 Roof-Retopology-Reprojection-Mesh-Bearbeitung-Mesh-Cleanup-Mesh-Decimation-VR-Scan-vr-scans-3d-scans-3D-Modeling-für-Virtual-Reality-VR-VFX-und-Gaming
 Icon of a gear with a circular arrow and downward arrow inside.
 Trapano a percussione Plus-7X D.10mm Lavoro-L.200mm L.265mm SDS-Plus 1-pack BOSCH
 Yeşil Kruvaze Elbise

* * *

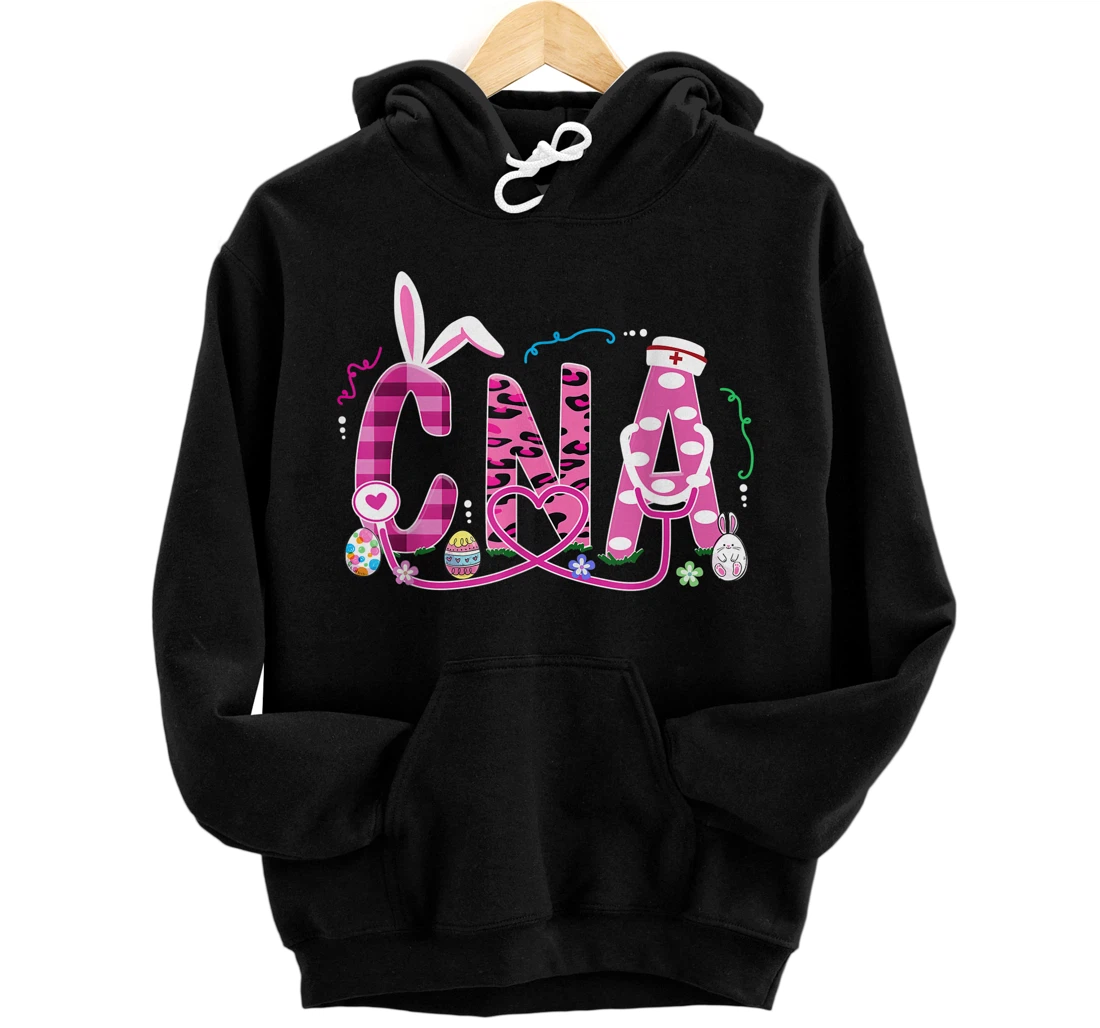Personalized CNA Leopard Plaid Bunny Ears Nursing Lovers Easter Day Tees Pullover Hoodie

---

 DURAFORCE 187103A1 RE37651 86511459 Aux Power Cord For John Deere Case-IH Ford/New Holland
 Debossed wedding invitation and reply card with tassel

§ **What is required**
Report every line of the material above in which "with" appears.

§ **Task solution**
 Icon of a gear with a circular arrow and downward arrow inside.
 Debossed wedding invitation and reply card with tassel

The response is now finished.